By Veturi Srivatsa
I reland and Afghanistan played their first-ever Test matches a month apart to take the number of Test-playing nations to a dozen. It is only natural to compare the performances of the two new entrants.
Ireland played their Test against Pakistan at home last month and Afghanistan played theirs in Bengaluru during the week gone by.
Soon after the one-off Test, the Indians got busy preparing for the tougher tours of Ireland and England in different climatic conditions. The much touted Yo-Yo fitness test -- Anil Kumble's one big contribution to Indian cricket during his short span as coach -- left two in-form players out of the senior and India A squads.
Ireland put up a terrific fight against Pakistan. Actually, it was Pakistan who had to fight back to win the Test by five wickets, whereas Afghanistan folded up in two days, bowled out twice in two sessions to lose by an innings.
It is still to be seen how Ireland will fare playing overseas outside their familiar English conditions just as Afghanistan will have to punch above their known strength outside the subcontinental conditions.
Come to think of it, Ireland made a big statement by beating Pakistan by three wickets in the 2007 World Cup. That paved the way for first professional contracts two years on, leading to the starting of a domestic competition in 2013.
The Irish went on to play in the 2011 and 2015 World Cups and also qualified for the 2009, 2010, 2012 and 2014 World Twenty20 competitions. So they are far more experienced than the Afghans.
Historically, Ireland spent long years on cricket parks than the Afghans, thanks to their proximity to England and also playing most visiting international sides before or after their tours to England.

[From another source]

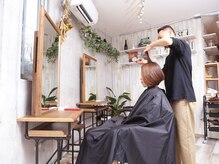 Spoonno神楽坂の雰囲気（骨格や髪質を見極めた似合わせ施術で印象アップ）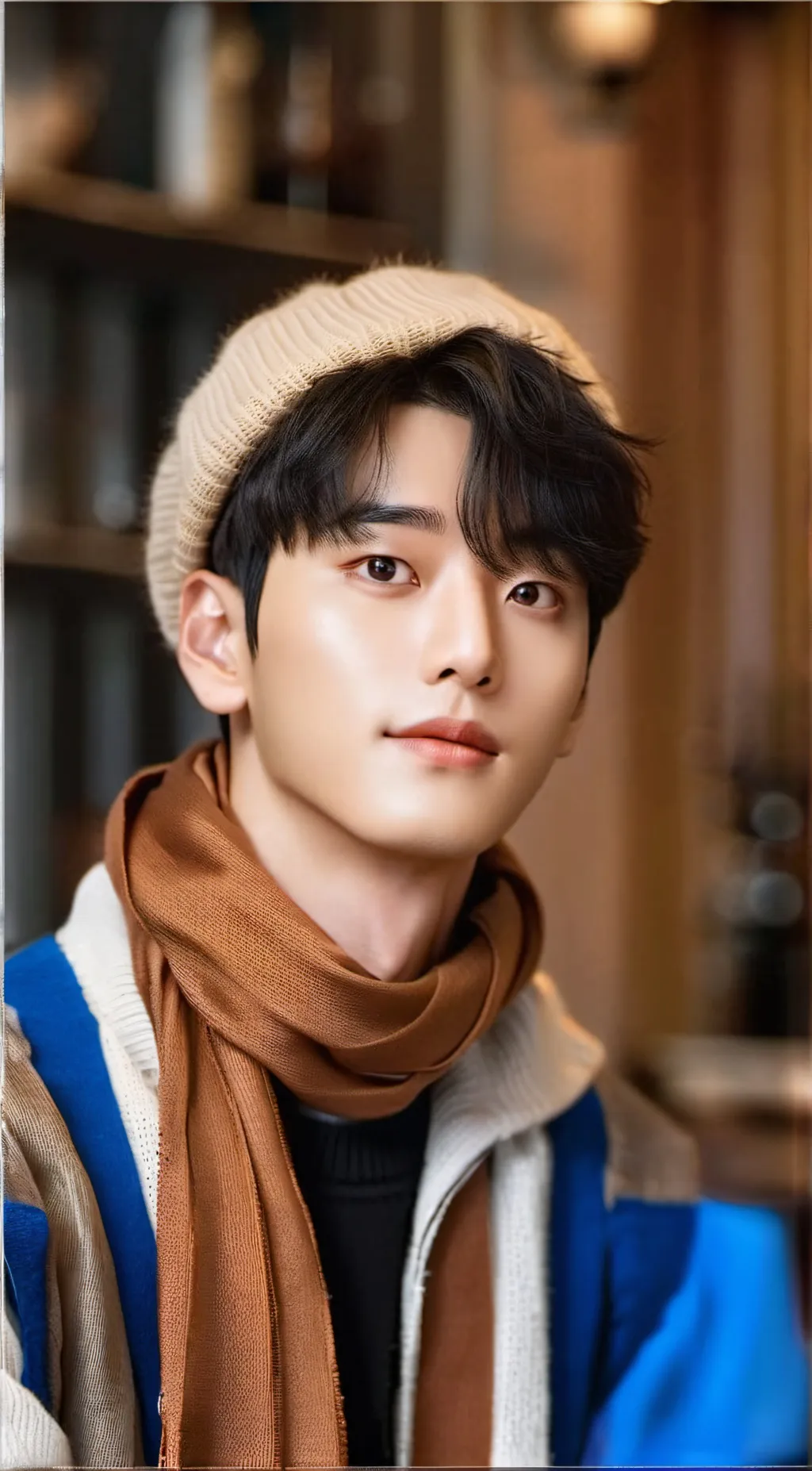 ai character: Sunghoon  background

Afghanistan, on the other hand, played much of their cricket in the refugee colonies in Pakistan and on return home in the last couple of decades.
In the run up to their first Test in Bengaluru, Afghanistan played a Twenty20 series against Bangladesh in Dehradun, which they now consider their second home. They won all three matches to raise hopes of a much better performance than what they actually did in their first-ever Test.
By the stumps on the first day, Afghan bowlers did well to force India to bat right down to the last man on the second morning even if they had allowed the home team to amass 474 despite a middle-order collapse.
With a better cricket intelligence they could have restricted India to a much lower total as all their five mainline bowlers were among the wickets, even if their highly-rated leg-spinner Rashid Khan disappointed, like Shane Warne in his first Test against India. Totals of 109 and 103 in the two innings clearly show that their batsmen have a long way to go at the Test level.
With not much to crow about the two-day Test win, the Indians were straightaway put through the Yo-Yo tests. When one looks at the test, it appears all too simple for anyone to clear. But not so easy as Mohammad Shami, Ambati Rayudu and Sanju Samson realized.
What is more intriguing and shocking is that both Rayudu and Samson were brilliant in the outfield and took some marvellous catches, unless the argument is that the two made simple catches look spectacular! They did not look all that sloppy even while batting even though both were victims of run-outs.
Rayudu, in particular, scored 602 runs for Chennai Super Kings in the Indian Premier League to force his way back into the India squad for the limited-overs tournaments and was replaced by Suresh Raina, who had himself failed the test twice a year and half ago. There is no confirmation whether Shami cleared the fitness regimen within a week after failing to miss the Afghanistan Test.
If fitness is as much an issue as batting and bowling, then why is Manish Pandey, the fittest of the players touching 18 when the required parameter is 16.1, not picked?
The Yo-Yo test is a variation of the good old beep test and it is developed as part of a series of endurance tests by Danish football physiologist Jens Bangsbo.
One of the various tests sees a player shuttling between two cones set 20 metres apart. He starts on a beep and has to get to the cone at the other end before the beep goes again before turning back to return to the starting cone beating the third beep.
Some experts feel the player failing the test should be given another chance at least a week later, instead of chucking him out summarily.
Ask the Indian stalwarts of yesteryears and they will say that every player in their time knew the amount of fitness he needed to perform at his best and they never believed in these fitness tests which are now applied universally. But then Ravi Shastri of that vintage era and Virat Kohli are paranoid about Yo-Yo, the players are haunted by it, even if they don't detest it.